August 2, 2011

Myth #3: "If I create truthfully, honestly, organically, it will appear on my face appropriately."

This statement has put me in a bit of controversy with some of my peers and at first in conflict with myself based on my own training. Like most actors, I was taught not to be concerned with the face. I was taught to listen to the other actor, focus on the circumstances, involve myself with an activity or the overall action and come from my own instincts. If I did this, what appeared on my face would be appropriate. So, if what you are experiencing doesn’t appear on your face in an appropriate way then all that is left to think is, you are doing something wrong. How frustrating is that?

At some point you (may) have to be concerned with what your face is revealing or choose not to work in front of the camera. You can, of course, always stay on the stage.

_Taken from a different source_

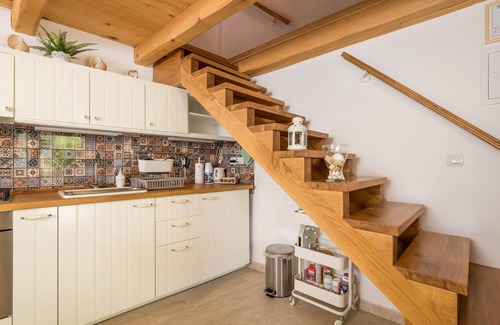 Punta Kriza House | Nice home in Punta Kriza with kitchen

So, back to the statement, If I create it truthfully, honestly, organically it will appear on my face appropriately - Is it a myth or a fact?

It is a fact, if:
•the trigger is specific and strong enough to trigger the emotion in you
•if there are no distortions in what and how you express emotion
•if you understand the nature and the experience of the emotion you are creating, which refers to the impulses and the sensations that stem from that emotion
•if you have a keen awareness of what that emotion looks and feels like on your face, from its slightest hint to its strongest reveal

Unfortunately, this is a fact for only a small portion of the acting community and quite possibly the reason why such a small percentage of SAG actors are actually making a living from acting. So for the rest, to not understand the very thing that you are relying on to get you hired, it may be time to get concerned with what you face is communicating.